Laser Cleaning and Coating Removal
Coating removal can be difficult, time consuming, messy and result in mix waste that is expensive and bad for our environment.
Conventional methods consist of:
Wire brushes – Very time consuming – Surface damaging – Labor intensive, and lead to foreign material entering your systems and taxing your foreign material exclusion (FME) programs.
Pressure Washing – It uses a narrow, high-pressure jet of hot or cold water to blast dirt free. Because the water is traveling fast, it hits the dirty surface with high kinetic energy, knocking dirt and dust away like a constant rain of tiny hammer blows. It’s only water, though, so it doesn’t damage most hard surfaces. You are however, left with a mixture of water and its contaminants. If the water is not contained, it makes its way to our environment.
Sand Blasting – Also known as abrasive blasting – is the operation of forcibly propelling a stream of abrasive material against a surface under high pressure. If not done correctly can damage a surface. Creates waste from the abrasive material that can only be used once. In the industrial setting this causes mixed waste and is more expensive to dispose of and adds additional time and labor to a job for cleaning. The area also be taped off and clean thoroughly to prevent and FME into a system.
Laser Abatement – Cleaning with light. A pulse of light transfers energy to the surface of an object. This transfer of energy causes a shock wave that breaks the bonds of a coating with the surface material. The plasma of the laser instantaneously superheats the dislodged material causing 60 to 90% of the material to turn into a vapor. All the vapor and remaining particulates are contained via a vacuum system. Greatly reducing waste and eliminating FME.
A 1000 sqft cleaning job using sandblasting generates approximately 40 pounds of mixed waste. The same job using a laser, 14 Ounces.
The laser does not damage the surface of the underlying material.
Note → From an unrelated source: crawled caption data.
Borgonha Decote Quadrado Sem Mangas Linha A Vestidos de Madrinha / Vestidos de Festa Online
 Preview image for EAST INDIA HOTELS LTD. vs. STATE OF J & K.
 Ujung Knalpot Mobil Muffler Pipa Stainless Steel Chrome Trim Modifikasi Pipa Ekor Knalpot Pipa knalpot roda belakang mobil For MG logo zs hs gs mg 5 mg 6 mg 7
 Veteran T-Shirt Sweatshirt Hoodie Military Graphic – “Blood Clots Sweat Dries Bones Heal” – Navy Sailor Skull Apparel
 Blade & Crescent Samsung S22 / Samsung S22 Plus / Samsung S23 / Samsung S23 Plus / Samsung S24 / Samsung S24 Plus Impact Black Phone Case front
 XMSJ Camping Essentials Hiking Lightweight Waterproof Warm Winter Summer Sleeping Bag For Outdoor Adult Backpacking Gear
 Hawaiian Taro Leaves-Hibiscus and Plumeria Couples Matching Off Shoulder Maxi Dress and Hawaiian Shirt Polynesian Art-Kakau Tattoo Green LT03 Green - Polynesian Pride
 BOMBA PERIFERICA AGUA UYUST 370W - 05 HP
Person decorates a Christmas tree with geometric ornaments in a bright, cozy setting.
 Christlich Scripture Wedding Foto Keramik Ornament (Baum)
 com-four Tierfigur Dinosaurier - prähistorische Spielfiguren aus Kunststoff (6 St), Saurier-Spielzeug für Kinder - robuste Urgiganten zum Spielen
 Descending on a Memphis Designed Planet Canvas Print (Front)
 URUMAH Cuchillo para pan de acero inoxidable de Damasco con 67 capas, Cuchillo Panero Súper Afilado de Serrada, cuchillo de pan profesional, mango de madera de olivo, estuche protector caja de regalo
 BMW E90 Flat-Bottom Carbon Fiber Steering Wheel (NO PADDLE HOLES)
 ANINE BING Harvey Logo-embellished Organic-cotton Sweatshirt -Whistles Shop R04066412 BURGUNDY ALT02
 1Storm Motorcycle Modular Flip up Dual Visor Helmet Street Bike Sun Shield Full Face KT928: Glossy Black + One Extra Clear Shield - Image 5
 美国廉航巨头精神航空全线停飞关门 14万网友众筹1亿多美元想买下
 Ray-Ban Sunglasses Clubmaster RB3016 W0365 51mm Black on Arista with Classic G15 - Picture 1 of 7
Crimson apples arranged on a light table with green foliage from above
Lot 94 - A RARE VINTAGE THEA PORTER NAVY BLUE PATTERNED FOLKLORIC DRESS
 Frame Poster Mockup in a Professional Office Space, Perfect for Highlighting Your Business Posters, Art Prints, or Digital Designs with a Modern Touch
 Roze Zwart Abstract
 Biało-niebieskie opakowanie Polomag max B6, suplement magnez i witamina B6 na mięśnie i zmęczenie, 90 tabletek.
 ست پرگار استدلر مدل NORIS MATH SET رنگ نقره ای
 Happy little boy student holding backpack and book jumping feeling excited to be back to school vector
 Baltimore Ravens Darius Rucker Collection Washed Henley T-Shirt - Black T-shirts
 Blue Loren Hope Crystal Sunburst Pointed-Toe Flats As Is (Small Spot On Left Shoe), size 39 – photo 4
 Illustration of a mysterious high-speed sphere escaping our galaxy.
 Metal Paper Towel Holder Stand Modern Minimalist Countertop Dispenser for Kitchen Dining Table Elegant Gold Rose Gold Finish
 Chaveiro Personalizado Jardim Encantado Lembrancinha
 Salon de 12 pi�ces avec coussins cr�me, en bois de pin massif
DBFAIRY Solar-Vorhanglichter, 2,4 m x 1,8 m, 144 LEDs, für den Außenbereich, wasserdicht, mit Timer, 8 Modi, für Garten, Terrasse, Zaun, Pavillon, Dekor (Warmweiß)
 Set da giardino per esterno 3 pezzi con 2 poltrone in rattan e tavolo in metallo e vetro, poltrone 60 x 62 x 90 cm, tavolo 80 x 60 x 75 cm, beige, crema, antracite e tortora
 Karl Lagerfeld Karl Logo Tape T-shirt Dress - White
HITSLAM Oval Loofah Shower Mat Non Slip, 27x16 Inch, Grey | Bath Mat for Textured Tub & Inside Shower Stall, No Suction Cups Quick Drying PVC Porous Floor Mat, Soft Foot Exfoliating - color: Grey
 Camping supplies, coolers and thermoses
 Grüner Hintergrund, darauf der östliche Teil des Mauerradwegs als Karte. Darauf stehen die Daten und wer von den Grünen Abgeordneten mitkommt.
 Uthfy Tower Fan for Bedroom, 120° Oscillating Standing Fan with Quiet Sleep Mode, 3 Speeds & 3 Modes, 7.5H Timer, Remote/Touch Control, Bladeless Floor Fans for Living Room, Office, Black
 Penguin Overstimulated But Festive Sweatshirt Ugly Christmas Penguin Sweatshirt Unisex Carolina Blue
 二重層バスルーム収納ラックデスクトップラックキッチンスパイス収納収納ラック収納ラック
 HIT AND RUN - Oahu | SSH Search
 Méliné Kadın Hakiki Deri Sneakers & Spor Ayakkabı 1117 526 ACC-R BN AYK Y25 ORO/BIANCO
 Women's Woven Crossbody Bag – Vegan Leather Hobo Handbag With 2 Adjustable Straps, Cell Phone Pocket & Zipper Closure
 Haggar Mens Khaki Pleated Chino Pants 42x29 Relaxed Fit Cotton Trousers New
This is accomplished by understanding the photoelectric effect which states if a metal plate is irradiated with light an electron is ejected. The incongruity is that the lights ability to eject an electron, is solely dependent of its frequency and not its intensity. If the beam is below a certain frequency, even a very intense beam, it cannot eject an electron. Whereas the faintest beam possible above a certain frequency can eject and electron and damage a surface.